RAW DATA:
※ ※ ※

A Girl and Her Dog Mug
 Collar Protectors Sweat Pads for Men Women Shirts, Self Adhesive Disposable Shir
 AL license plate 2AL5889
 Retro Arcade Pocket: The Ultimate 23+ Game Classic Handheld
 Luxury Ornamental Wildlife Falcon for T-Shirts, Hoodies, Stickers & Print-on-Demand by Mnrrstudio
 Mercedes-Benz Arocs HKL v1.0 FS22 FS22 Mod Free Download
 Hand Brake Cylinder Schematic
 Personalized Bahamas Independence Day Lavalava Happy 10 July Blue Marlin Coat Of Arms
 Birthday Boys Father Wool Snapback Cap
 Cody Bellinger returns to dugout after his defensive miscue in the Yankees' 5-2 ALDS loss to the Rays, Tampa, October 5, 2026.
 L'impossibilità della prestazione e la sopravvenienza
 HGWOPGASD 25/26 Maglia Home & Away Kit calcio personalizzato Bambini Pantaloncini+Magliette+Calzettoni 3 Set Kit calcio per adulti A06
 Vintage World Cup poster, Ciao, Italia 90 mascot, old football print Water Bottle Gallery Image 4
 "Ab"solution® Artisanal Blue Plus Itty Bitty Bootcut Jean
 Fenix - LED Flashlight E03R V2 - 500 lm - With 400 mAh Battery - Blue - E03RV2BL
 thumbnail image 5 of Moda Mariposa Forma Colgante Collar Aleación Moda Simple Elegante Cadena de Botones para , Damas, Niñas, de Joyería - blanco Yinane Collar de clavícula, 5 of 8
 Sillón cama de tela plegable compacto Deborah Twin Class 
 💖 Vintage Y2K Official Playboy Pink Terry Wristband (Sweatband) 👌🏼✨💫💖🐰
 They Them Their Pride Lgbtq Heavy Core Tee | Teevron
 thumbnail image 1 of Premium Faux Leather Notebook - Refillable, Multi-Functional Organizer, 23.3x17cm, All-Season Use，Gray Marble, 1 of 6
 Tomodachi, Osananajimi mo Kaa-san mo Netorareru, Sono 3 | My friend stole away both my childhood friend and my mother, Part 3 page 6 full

※ ※ ※

INSTRUCTIONS TO FOLLOW: Only the lines from the one that holds "AL license plate 2AL5889" through the end of the records should appear in the answer, each restated exactly.

EXERCISE RESULT:
 AL license plate 2AL5889
 Retro Arcade Pocket: The Ultimate 23+ Game Classic Handheld
 Luxury Ornamental Wildlife Falcon for T-Shirts, Hoodies, Stickers & Print-on-Demand by Mnrrstudio
 Mercedes-Benz Arocs HKL v1.0 FS22 FS22 Mod Free Download
 Hand Brake Cylinder Schematic
 Personalized Bahamas Independence Day Lavalava Happy 10 July Blue Marlin Coat Of Arms
 Birthday Boys Father Wool Snapback Cap
 Cody Bellinger returns to dugout after his defensive miscue in the Yankees' 5-2 ALDS loss to the Rays, Tampa, October 5, 2026.
 L'impossibilità della prestazione e la sopravvenienza
 HGWOPGASD 25/26 Maglia Home & Away Kit calcio personalizzato Bambini Pantaloncini+Magliette+Calzettoni 3 Set Kit calcio per adulti A06
 Vintage World Cup poster, Ciao, Italia 90 mascot, old football print Water Bottle Gallery Image 4
 "Ab"solution® Artisanal Blue Plus Itty Bitty Bootcut Jean
 Fenix - LED Flashlight E03R V2 - 500 lm - With 400 mAh Battery - Blue - E03RV2BL
 thumbnail image 5 of Moda Mariposa Forma Colgante Collar Aleación Moda Simple Elegante Cadena de Botones para , Damas, Niñas, de Joyería - blanco Yinane Collar de clavícula, 5 of 8
 Sillón cama de tela plegable compacto Deborah Twin Class 
 💖 Vintage Y2K Official Playboy Pink Terry Wristband (Sweatband) 👌🏼✨💫💖🐰
 They Them Their Pride Lgbtq Heavy Core Tee | Teevron
 thumbnail image 1 of Premium Faux Leather Notebook - Refillable, Multi-Functional Organizer, 23.3x17cm, All-Season Use，Gray Marble, 1 of 6
 Tomodachi, Osananajimi mo Kaa-san mo Netorareru, Sono 3 | My friend stole away both my childhood friend and my mother, Part 3 page 6 full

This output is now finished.